This being Thursday, it's time for another edition of "Thursday Movie Picks", the blogathon run by Wandering Through the Shelves. This week's theme is "The Woods". As a fan of older movies, I've picked three older (well, at least this time one of them was released after I was born) movies that fit the theme:
Brainstorm (1983). The final film of actress Natalie Wood; she drowned in an incident unrelated to the movie halfway through production. Wood plays Karen, the estranged wife of Michael (Christopher Walken), who is developing a sort of virtual reality device. The other inventor of the device (Beatrice Straight) dies suddenly, but not before hooking herself up to the device to record her thoughts as she's dying. Michael knows he just has to see that recording. Karen and Michael also record their own perspectives, which enables them to see the marriage from each other's point of view and save the marriage.
Plan 9 From Outer Space (1959). Ed Wood directed this hilariously awful movie about aliens trying to resurrect dead humans as zombies so that the zombies will take over Earth. Or something; the plot is such a mess as is the directing and the production values. But it's one of those movies that fails so spectacularly that it winds up being a blast to watch.
Fog Over Frisco (1934). Donald Woods plays Tony, a reporter pursuing socialite Val (Margaret Lindsay). Val's half-sister Arlene is a bad girl of sorts, hobnobbing with gangsters but engaged to a stockbroker. When Arlene gets her fiancé mixed up in a stock swindle, Arlene goes missing and Tony gets his chance to crack the case wide open. This is, unsurprisingly, Bette Davis' movie, even though she disappears for much of the movie. It's one of those really zippy Warner Bros. programmers; they always seemed to be better at that style of film-making than any of the other studios.
I hope I understood this week's theme correctly....
Review: Nosferatu
56 minutes ago
4 comments:
Perhaps unsurprisingly, the only one I've seen is Plan 9. That movie is a riot.
Plan 9 fits the bills since they keep going back into the woods driving in one car and arriving in a different t car...hahahaaa but the cops must try to save the day. I haven't seen Brainstorm since it came out. I still think that Natalie Wood died in a strange way and Wagner and Walken know...or at least Wagner knows. I haven't seen your last pic
Plan 9 is a mess but since it's so infamously awful no one can really complain, they have to know what they're walking into when they start watching.

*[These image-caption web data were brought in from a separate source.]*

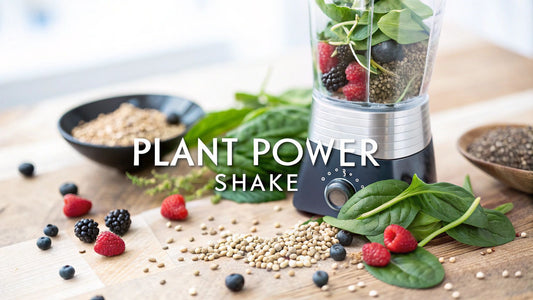 A Complete Guide to Plant Based Meal Replacement Shakes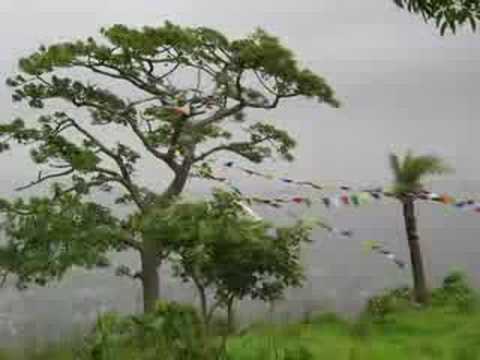 Gaarva - Milind Ingle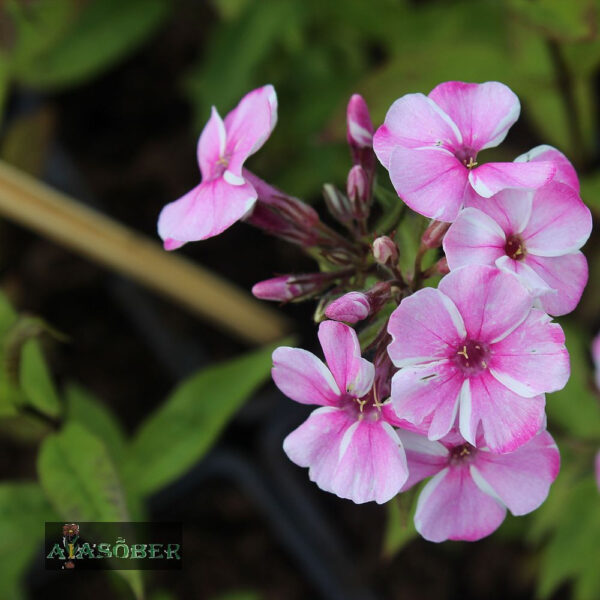 Aedfloks 'Early Pink Candy' ®
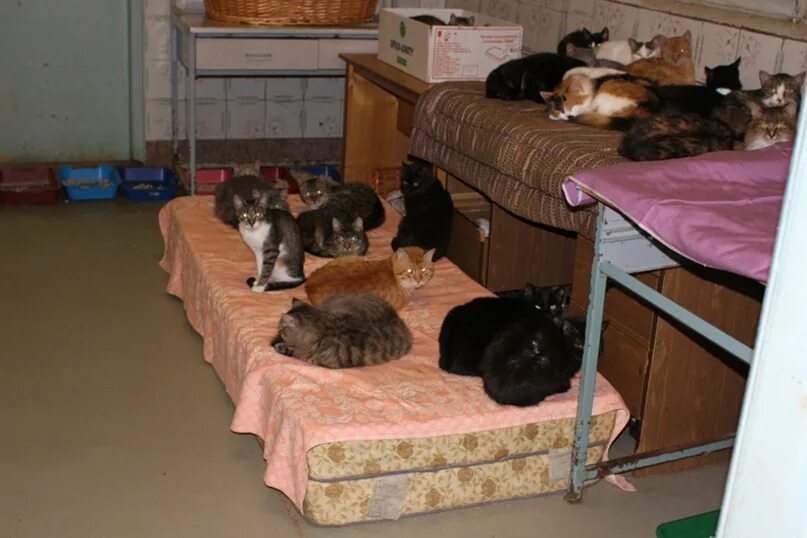 Приют для кошек нижний. Приют для кошек. Котята в приюте. Лежанки для кошек в приюте. Муниципальный приют для кошек.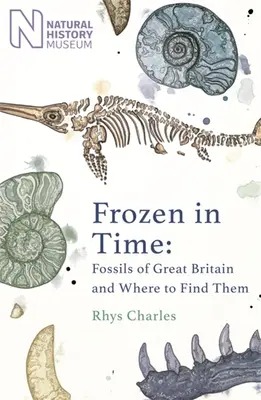 Congelados en el tiempo: Fósiles de Gran Bretaña y dónde encontrarlos - Frozen in Time: Fossils of Great Britain and Where to Find Them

Brainstorm had some interesting bits but its rocky production history shows on the screen. Not an awful film by any means and not an ignominious swan song for Natalie but hardly her best showcase either.

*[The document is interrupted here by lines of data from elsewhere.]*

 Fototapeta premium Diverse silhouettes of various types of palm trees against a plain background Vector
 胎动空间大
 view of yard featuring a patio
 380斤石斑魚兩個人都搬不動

When Bette Davis isn't on screen Fog Over Frisco is just another Warners programmer, peppy but average. But when she is she zaps the movie to life with a live wire performance of a girl you can actually feel hurtling towards disaster.
I didn't reach as far back as I usually do this week, for some reason all I could come up with on older films was the uninspired King of the Lumberjacks so I went slightly more current but still back a bit.
The Emerald Forest (1985)-Engineer Bill Markham is in Brazil with his wife Jean (Meg Foster) and young son Tommy (the film’s director John Boorman’s son Charlie) working on a hydroelectric dam on the edge of the rainforest. One day while the three are having a picnic near the site Tommy is taken by a forest tribe known as The Invisible People. Markham spends the next ten years searching the jungles for Tommy meeting many obstacles including the cannibalistic Fierce People along the way. Beautiful looking complex adventure based on true events.
Sometimes a Great Notion (1970)-The Stamper family, father Henry (Henry Fonda), oldest son Hank (Paul Newman), his wife Viv (Lee Remick), younger brother Leeland and nephew Joe Ben (Michael Sarrazin & Richard Jaeckel) are independent Oregon loggers. When the local union loggers go on strike against the corporate giant that controls most of the area they urge the Stampers to join them but being struggling independents they fear they won’t survive and refuse. The tensions that run high among them and the townsfolk is mirrored within the family leading to conflict and tragedy. Based on a Ken Kesey novel this is a sometimes slow but extremely well-acted (Jaeckel is a particular standout) complicated family drama.
The Edge (1997)-Uber rich Charles Morse (Anthony Hopkins) has gone with his model wife Mickey (Elle Macpherson) on a photo shoot to a remote mountain area along with photographer Robert Green (Alec Baldwin), who Charles suspects is involved with Mickey, and his assistant (Harold Perrineau). While Mickey stays behind the three men fly into the wilderness for nature photos but the plane crashes killing the pilot and the three men must struggle to survive not only the elements but the giant bear tracking them through the woods and ultimately each other.
Super intrigued by Brainstorm - love Walken! And I still need to see Plan 9.